Oslo au chevet d’une Tunisie malade

Une délégation officielle tunisienne quadripartite est depuis dimanche 15 janvier 2023 à Oslo pour une visite de trois jours à la Norvège. Pour quoi faire ? (Illustration : la délégation tunisienne à son arrivée à Oslo city hall).

Par Ridha Kefi

La délégation comprend le ministre de l’Economie et de la Planification, Samir Saied, et son collègue des Affaires sociales, Malek Zahi, ainsi que le secrétaire général de l’Union générale tunisienne du travail (UGTT), Noureddine Taboubi, et le président de l’Union tunisienne de l’industrie, du commerce et de l’artisanat (Utica), Samir Majoul.

C’est un attelage pour le moins inhabituel et qui suscite des interrogations. La destination aussi pose des questions, car le Norvège ne figure pas parmi les pays avec lesquels la Tunisie a de fortes relations politiques et économiques qui justifieraient une telle visite d’une délégation ainsi formée.

Un attelage inattendu

Selon le ministère des Affaires sociales qui l’a annoncée sur sa page Facebook dimanche, l’invitation a émané du ministre norvégien des Affaires étrangères (qui habituellement invite son homologue, ce qui n’est pas le cas cette fois) et la président de la Confédération des syndicats norvégiens (LO) pour M. Taboubi, et du président de la Confédération des entreprises norvégiennes (NHO) pour M. Majoul.

Selon le communiqué, la visite comprend «des rencontres de haut niveau, des conférences et des ateliers sur des questions sociales et économiques». Elle «s’inscrit dans le cadre du renforcement des relations de coopération bilatérale dans les domaines économiques et sociaux entre la Tunisie et la Norvège».

Voilà pour la langue de bois officielle, mais cela ne dit rien de précis sur la raison réelle de cette visite et sur la composition pour le moins inattendue de la délégation.

Quand on sait le contexte national difficile dans lequel se déroule cette visite, marqué par le blocage du dialogue politique dans le pays et l’absence de perspective de sortie de crise dans un pays qui traverse la plus grave crise financière de son histoire récente et qui fait face à une grogne sociale menaçant d’exploser à tout moment en affrontements, on peut imaginer une tentative de conciliation entre les parties tunisiennes menée par ce pays scandinave à la neutralité légendaire et dont la médiation serait volontiers acceptée par l’opinion tunisienne qui n’aurait pas apprécié que les Américains, les Français ou autres Occidentaux se mêlent de leurs affaires.

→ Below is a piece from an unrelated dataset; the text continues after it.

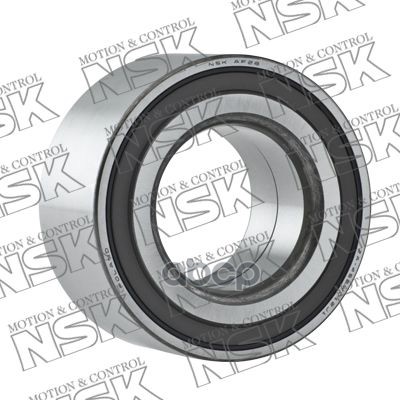 

NSK 45BWD12J1CA85 Подшипник ступицы NSK 45BWD12J1CA85 Honda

Un Nobel de la Paix, ça se mérite

Pourquoi la Norvège ? Il y a un autre argument qui est entré en ligne de compte : c’est à Oslo que le Quartet du dialogue national, formé par l’UGTT, l’Utica, le Conseil de l’ordre des avocats tunisiens (Coat) et la Ligue tunisienne de défense des droits de l’homme (LTDH) avait reçu, en 2015, le Prix Nobel de la Paix… pour avoir réussi, par la négociation, à sortir la Tunisie d’une grave crise politique qui menaçait de dégénérer en guerre civile.

La Tunisie se trouve aujourd’hui dans une situation quasiment semblable quoique plus compliquée, car au blocage politique s’est ajoutée une crise financière et économique asphyxiante, et on peut imaginer qu’à Oslo, on a voulu tenter quelque chose pour sauver ce qu’on avait appelé, à l’époque, un peu rapidement, «l’exception tunisienne», et éviter ainsi que le Prix Nobel de la Paix attribué en 2015 soit vidé de toute sa portée symbolique, et pas seulement pour la Tunisie.

Il s’agit, encore une fois, de secouer les Tunisiens, de calmer leurs ardeurs belliqueuses et de les rappeler à la réalité des gros risques qu’ils encourent en poursuivant sur la voie suicidaire qu’ils sont en train de suivre actuellement avec un pouvoir qui ne veut rien entendre, une opposition prête à en découdre et une population qui a perdu confiance en tout et en tous, et qui, par désespoir, peut prêter l’oreille aux sirènes de la violence.  

On peut aussi estimer que la Norvège (qui, soit dit en passant, sans ironie aucune, avait servi de théâtre aux négociations de paix israélo-palestiniennes) s’est attelée à cette tâche en concertation avec les partenaires historiques de la Tunisie, et à leur tête les Etats-Unis et la France, mais aussi l’Italie, qui ne sont nullement indifférents à ce qui se passe dans notre pays et qui appréhendent sérieusement une détérioration de la situation susceptible de provoquer des heurts et des violences et, plus grave encore, la faillite d’un Etat ayant toujours joué un rôle pacificateur au sud de la Méditerranée.